The hijra or emigration of the Holy Prophet to Madina took place three years
later, and Aisha came to the household of the Holy Prophet in the second
year after hijra. So if Aisha was born in the year of the Call, she would
be ten years old at the time of the nikah and fifteen years old at the time
of the consummation of the marriage.
Later research
Research subsequent to the time of
Maulana Muhammad Ali has shown that she was older than this. An excellent
short work presenting such evidence is the Urdu pamphlet Rukhsati kai waqt
Sayyida Aisha Siddiqa ki umar (‘The age of Lady Aisha at the time of the
start of her married life’) by Abu Tahir Irfani.[4a] Points 1 to 3 below
have been brought to light in this pamphlet.
1.
The famous classical historian of Islam, Ibn
Jarir Tabari, wrote in his ‘History’:
“In the time before Islam, Abu Bakr
married two women. The first was Fatila daughter of Abdul Uzza, from whom
Abdullah and Asma were born. Then he married Umm Ruman, from whom Abdur
Rahman and Aisha were born. These four were born before Islam.”
2.
The compiler of the famous Hadith collection
Mishkat al-Masabih, Imam Wali-ud-Din Muhammad ibn Abdullah Al-Khatib, who
died 700 years ago, has also written brief biographical notes on the
narrators of Hadith reports. He writes under Asma, the older daughter of Abu Bakr:
“She was the sister of
Aisha Siddiqa, wife of the Holy Prophet, and was ten years older than her.
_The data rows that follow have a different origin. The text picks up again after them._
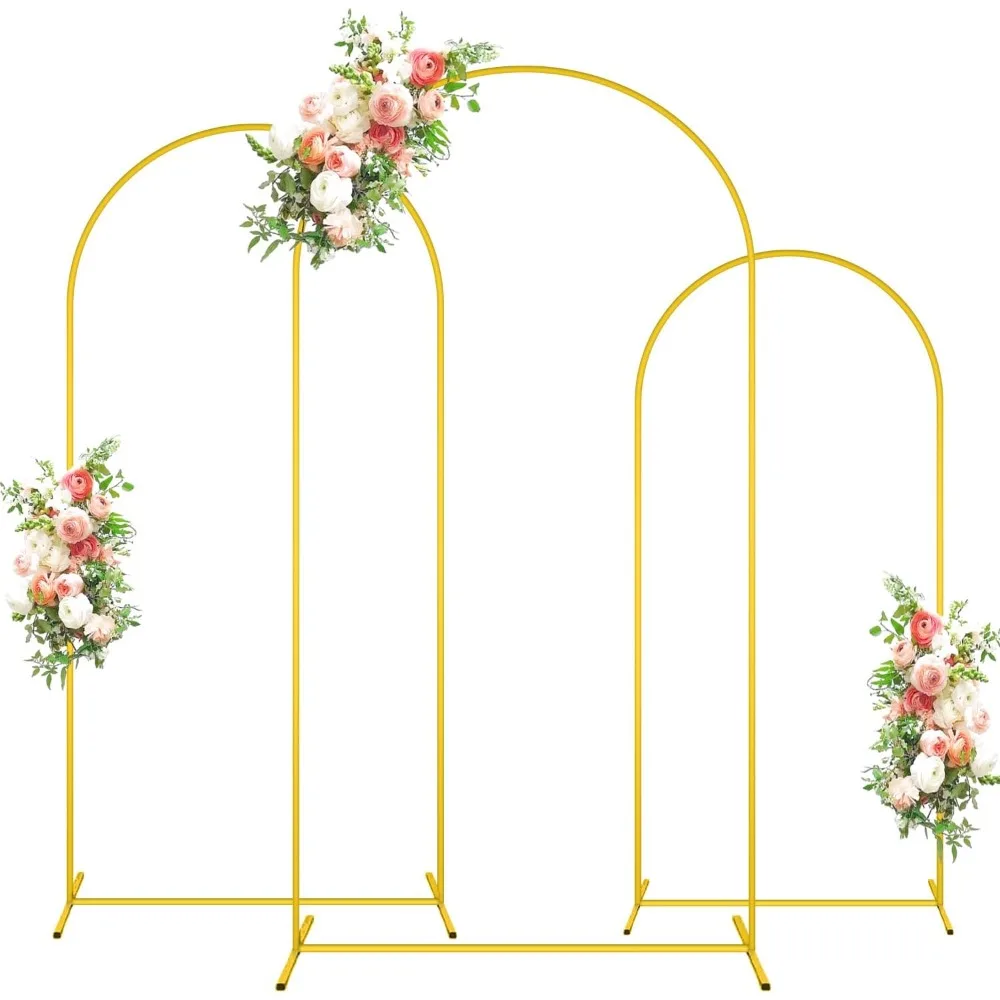 Gold Arch Backdrop Stand Set of 3 Metal Arch Stands, Round Top Arch Stand Decorations, Wedding Arches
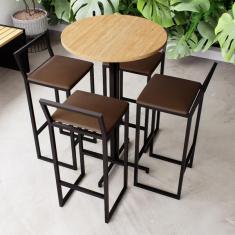 Imagem de Conjunto Mesa Alta Bar Bistr  Redonda Pinus 4 Banquetas Confo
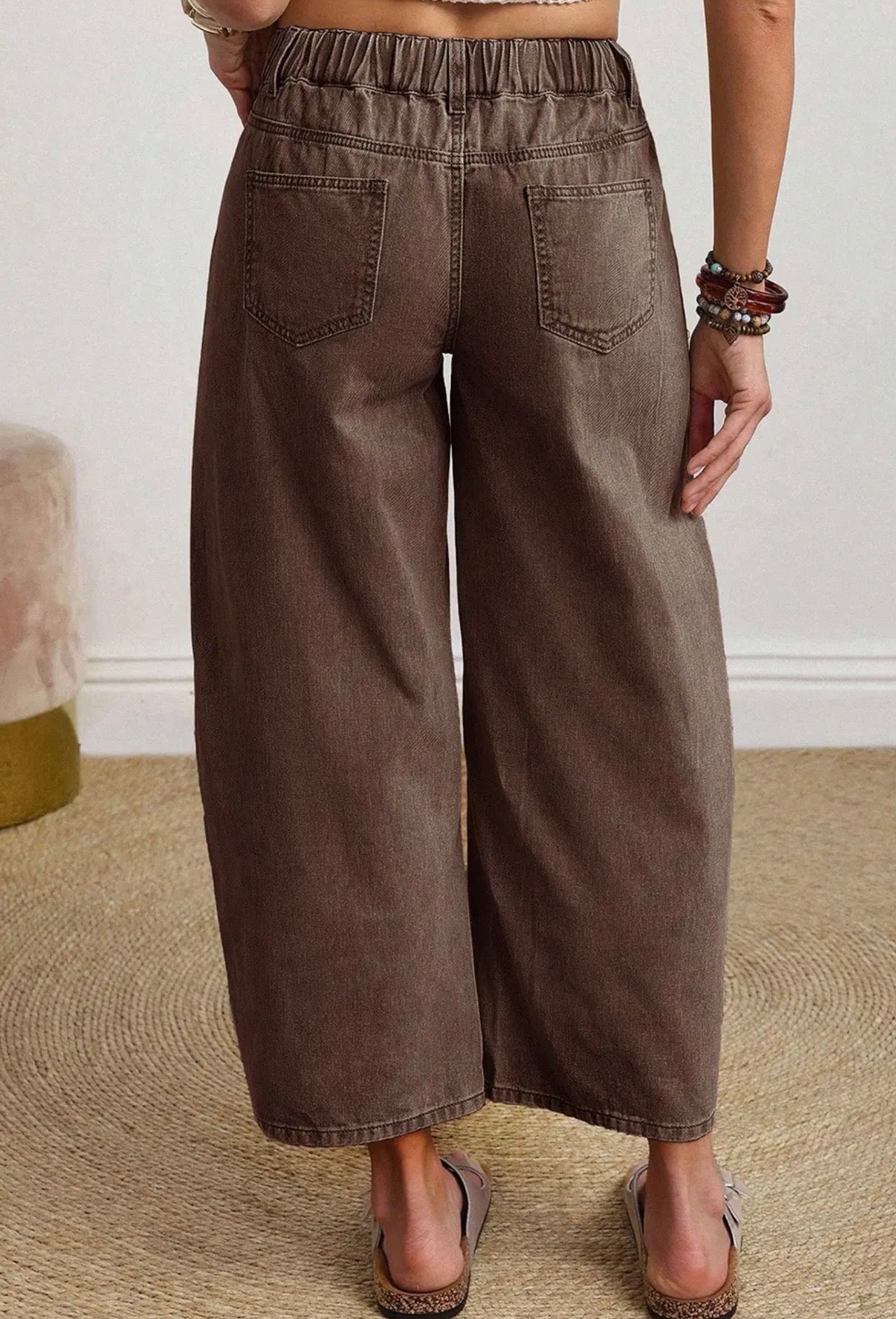BROWN FRONT POCKET BARREL PANTS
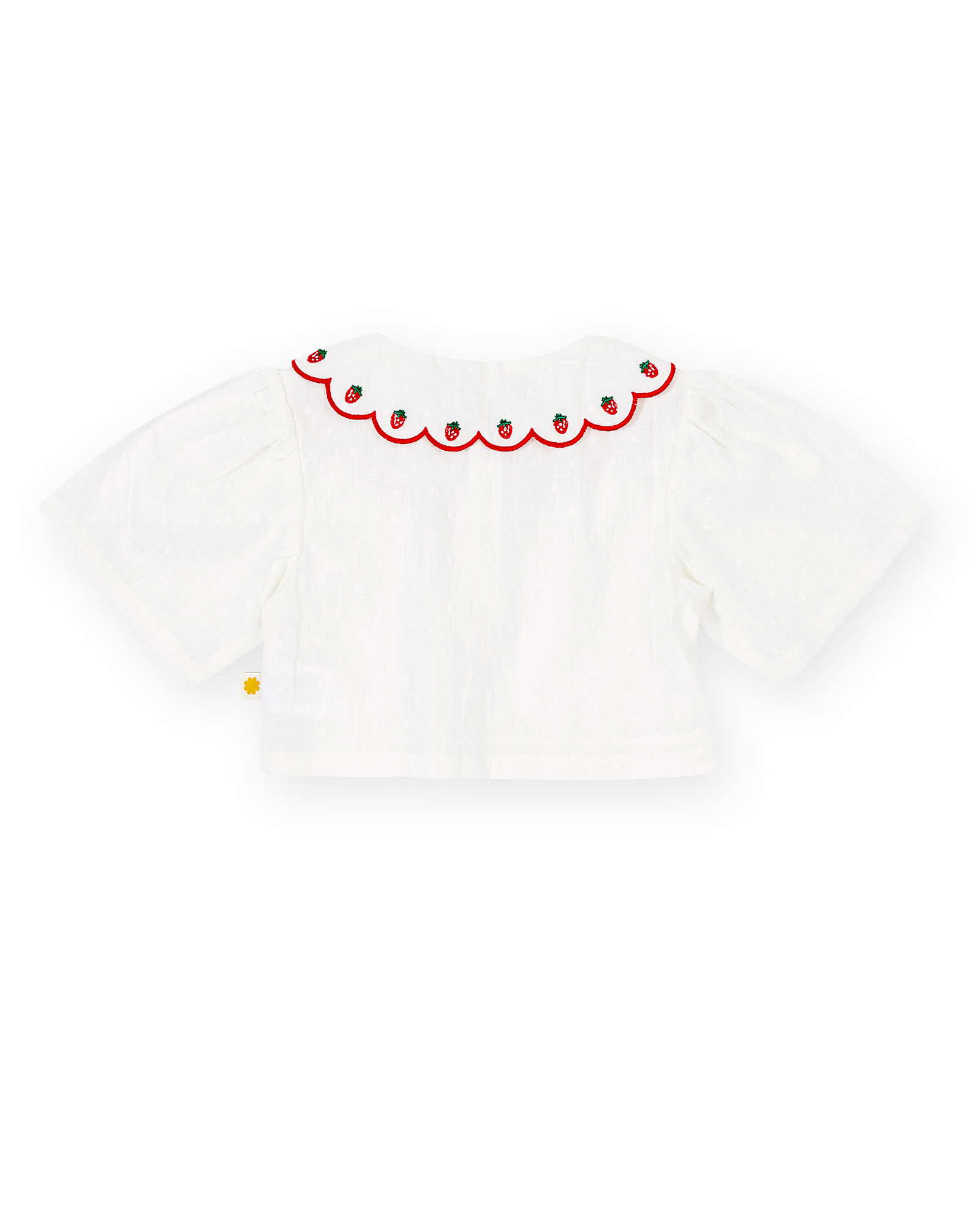 GOLDIE & ACE SCALLOP COLLAR STRAWBERRY CROPPED BLOUSE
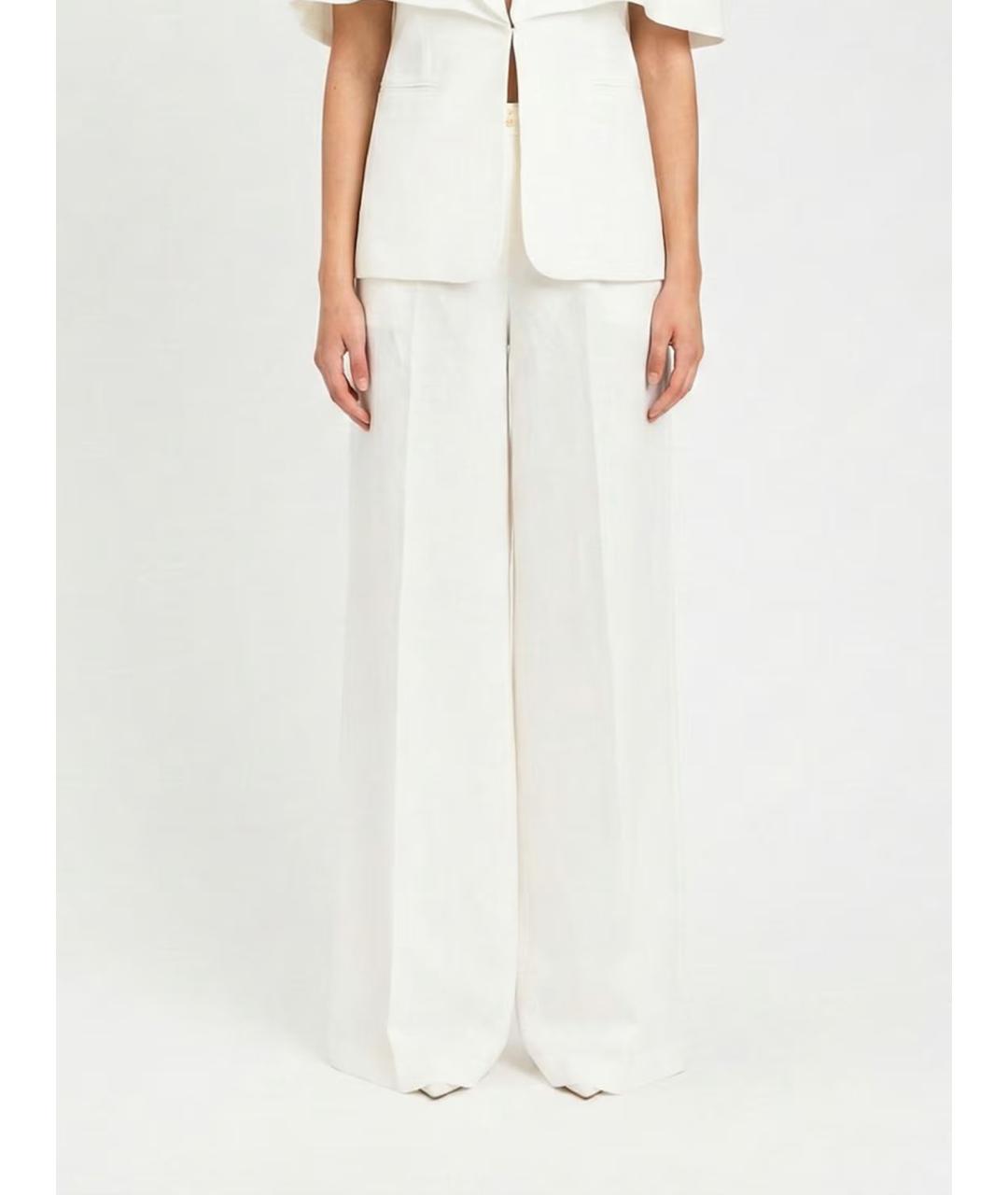 TWIN-SET Белые льняные брюки широкие, фото 3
… In 73 A.H. … Asma died at the age of one hundred years.”
This would make Asma 28 years of
age in 1 A.H., the year of the Hijra, thus making Aisha 18 years old in 1
A.H. So Aisha would be 19 years old at the time of the consummation of her
marriage, and 14 or 15 years old at the time of her nikah. It would place
her year of birth at four or five years before the Call.
3.
The same statement is made by the famous
classical commentator of the Holy Quran, Ibn Kathir, in his book Al-bidayya
wal-nihaya:
“Asma died in 73 A.H. at
the age of one hundred years. She was ten years older than her sister
Aisha.”
Apart from these three evidences,
which are presented in the Urdu pamphlet referred to above, we also note
that the birth of Aisha being a little before the Call is consistent with
the opening words of a statement by her which is recorded four times in
Bukhari. Those words are as follows:
“Ever since I can remember (or
understand things) my parents were following the religion of Islam.”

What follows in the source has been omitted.